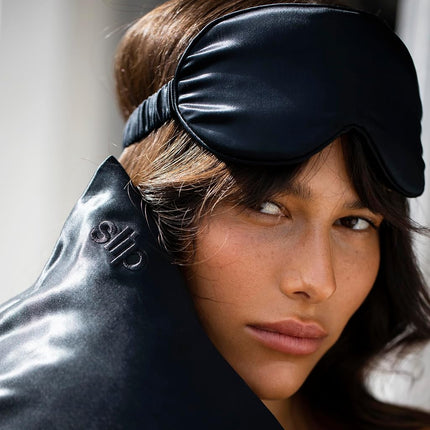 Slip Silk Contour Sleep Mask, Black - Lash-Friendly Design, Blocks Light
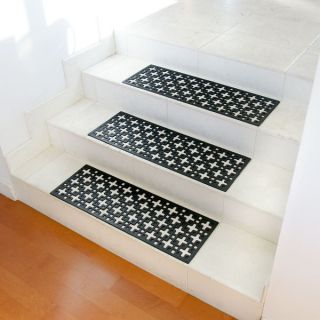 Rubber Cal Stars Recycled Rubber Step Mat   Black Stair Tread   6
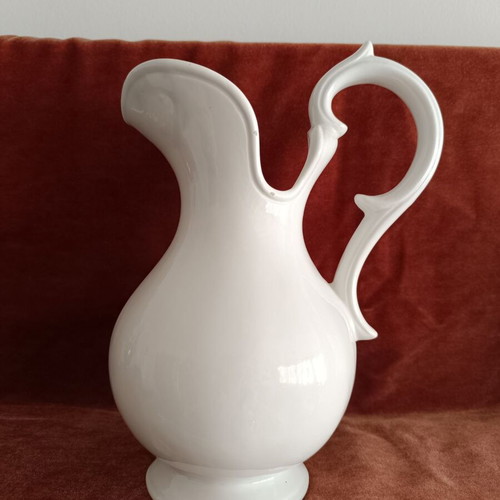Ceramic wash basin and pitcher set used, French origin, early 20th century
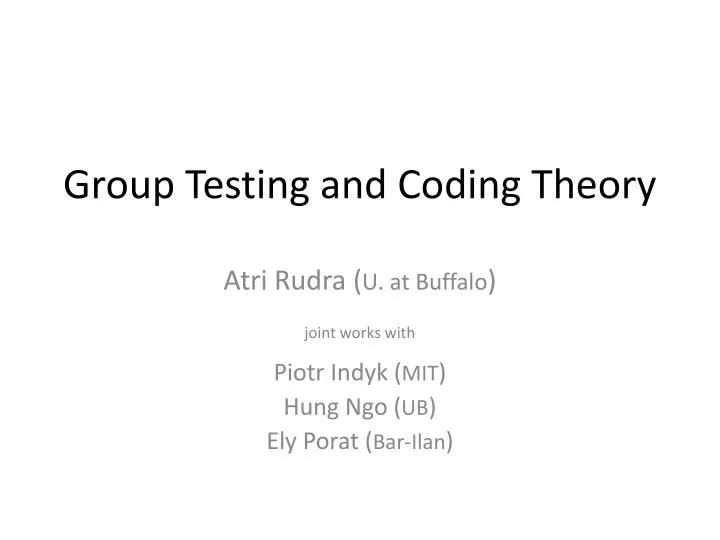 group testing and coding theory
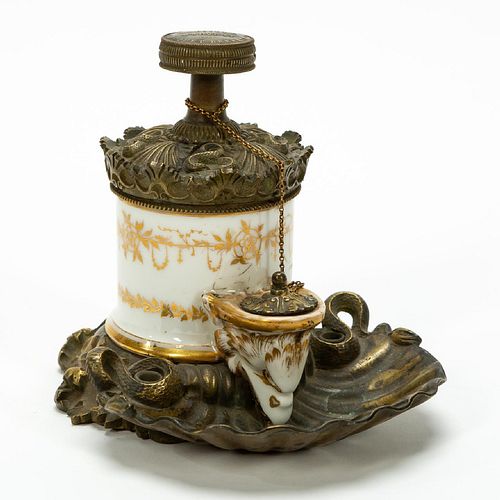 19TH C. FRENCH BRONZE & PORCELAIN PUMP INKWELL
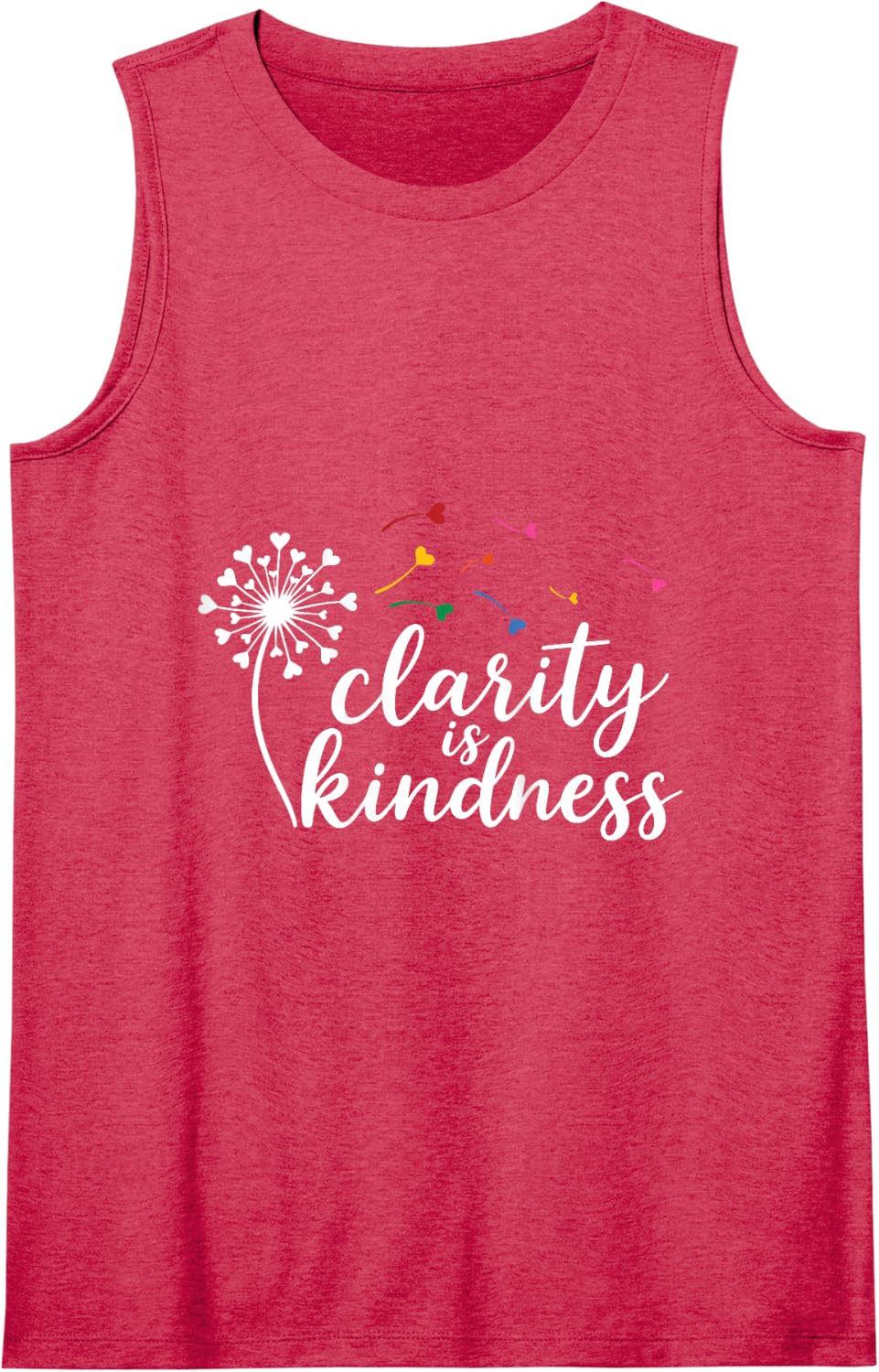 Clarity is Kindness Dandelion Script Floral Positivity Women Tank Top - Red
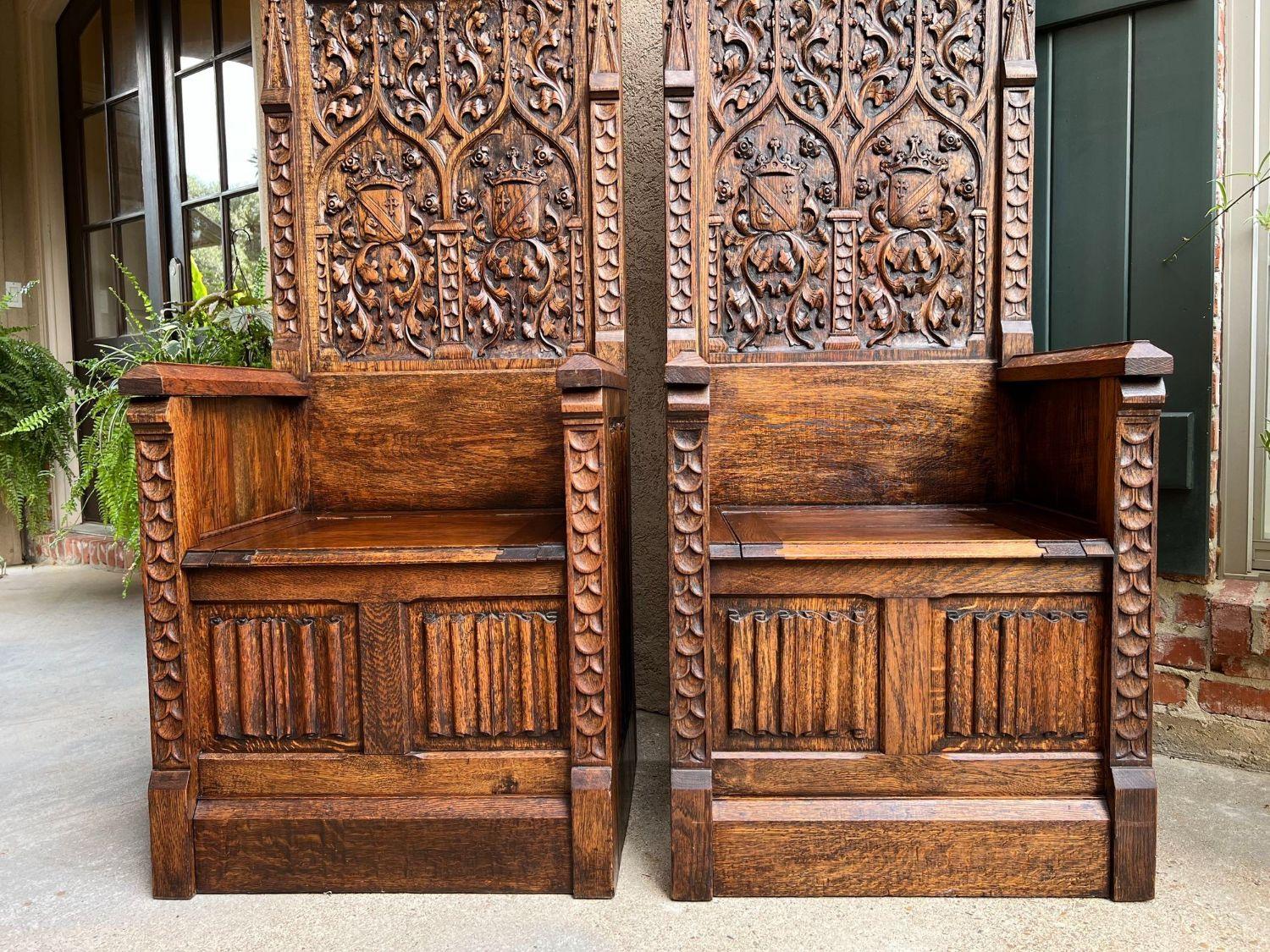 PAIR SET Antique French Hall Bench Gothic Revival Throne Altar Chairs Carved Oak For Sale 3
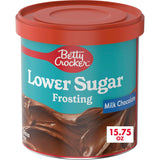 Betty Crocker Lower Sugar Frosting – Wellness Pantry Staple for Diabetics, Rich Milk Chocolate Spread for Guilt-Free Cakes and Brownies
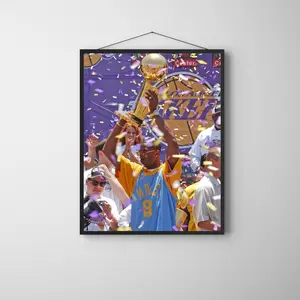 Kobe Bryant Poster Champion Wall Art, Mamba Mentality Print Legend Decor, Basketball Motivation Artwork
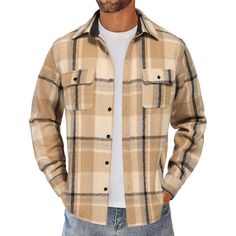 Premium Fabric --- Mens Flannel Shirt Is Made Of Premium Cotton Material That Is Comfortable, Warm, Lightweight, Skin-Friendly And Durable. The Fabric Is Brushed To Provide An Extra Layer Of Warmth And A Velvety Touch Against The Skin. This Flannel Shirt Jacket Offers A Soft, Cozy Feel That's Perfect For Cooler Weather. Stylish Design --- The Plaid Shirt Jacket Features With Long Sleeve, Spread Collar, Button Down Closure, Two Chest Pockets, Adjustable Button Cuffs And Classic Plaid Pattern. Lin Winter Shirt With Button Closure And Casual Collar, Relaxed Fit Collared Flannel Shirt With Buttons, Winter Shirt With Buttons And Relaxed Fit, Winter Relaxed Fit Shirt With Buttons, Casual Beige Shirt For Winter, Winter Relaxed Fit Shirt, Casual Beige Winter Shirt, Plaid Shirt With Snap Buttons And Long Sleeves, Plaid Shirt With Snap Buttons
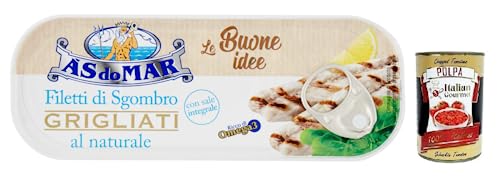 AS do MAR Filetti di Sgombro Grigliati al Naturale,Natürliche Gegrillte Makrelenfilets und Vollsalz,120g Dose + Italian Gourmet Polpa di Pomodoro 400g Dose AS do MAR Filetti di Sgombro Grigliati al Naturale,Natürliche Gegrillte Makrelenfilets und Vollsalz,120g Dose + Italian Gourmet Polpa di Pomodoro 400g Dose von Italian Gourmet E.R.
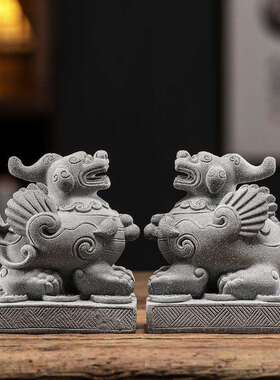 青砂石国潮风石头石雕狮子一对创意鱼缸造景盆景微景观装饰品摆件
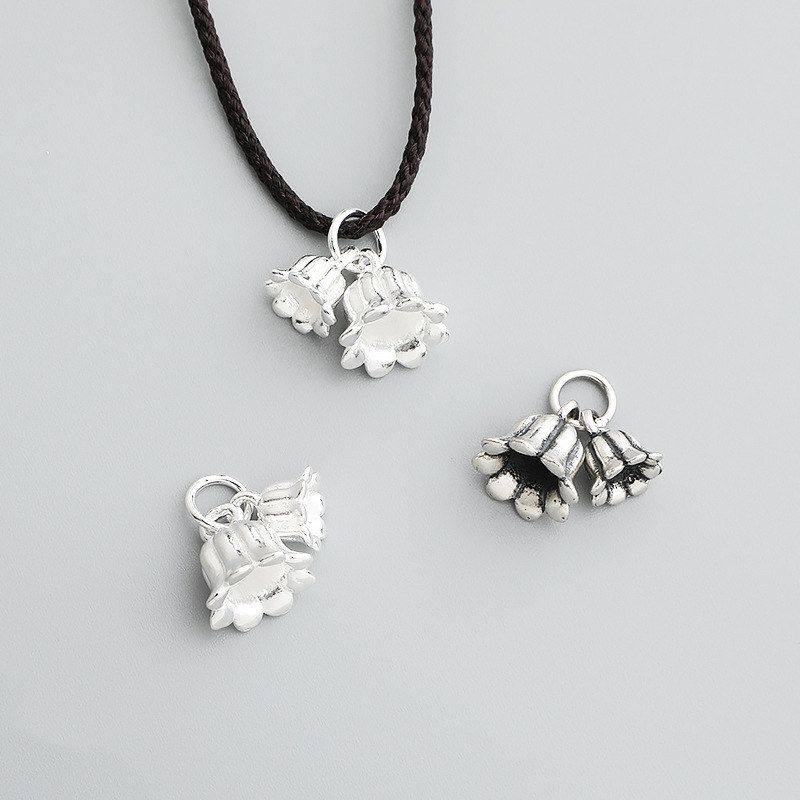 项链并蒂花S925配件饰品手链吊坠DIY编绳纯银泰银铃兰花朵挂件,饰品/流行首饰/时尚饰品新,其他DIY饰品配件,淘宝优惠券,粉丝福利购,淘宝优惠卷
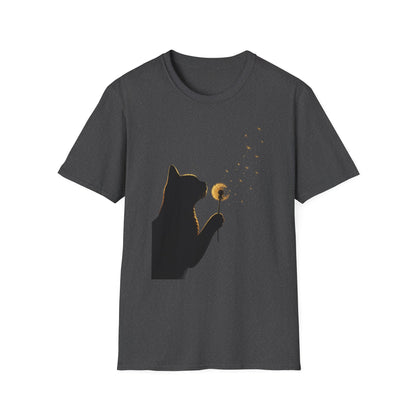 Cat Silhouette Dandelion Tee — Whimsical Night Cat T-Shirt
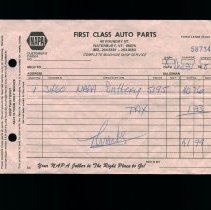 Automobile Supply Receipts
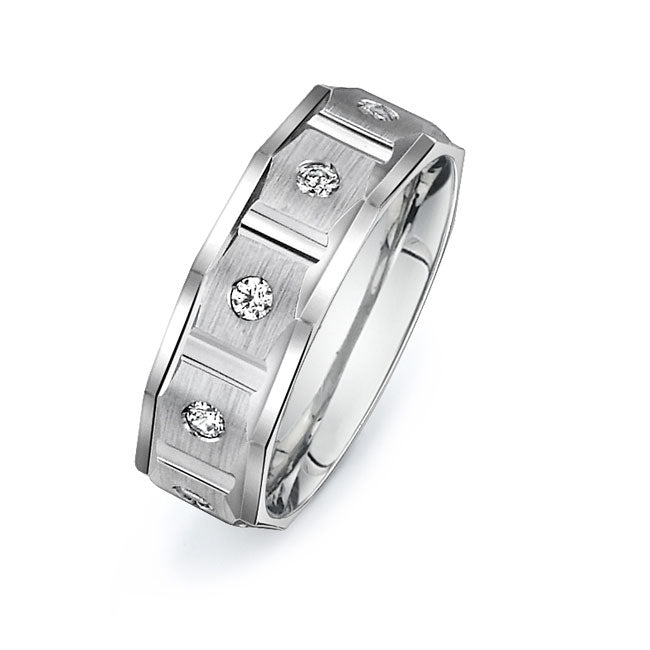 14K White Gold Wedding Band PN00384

**What you should do**
Beginning with the line that contains "Automobile Supply Receipts", output every line down to the last line of the entries above exactly as written, apart from the pictures.

**Your response**
 Automobile Supply Receipts
 14K White Gold Wedding Band PN00384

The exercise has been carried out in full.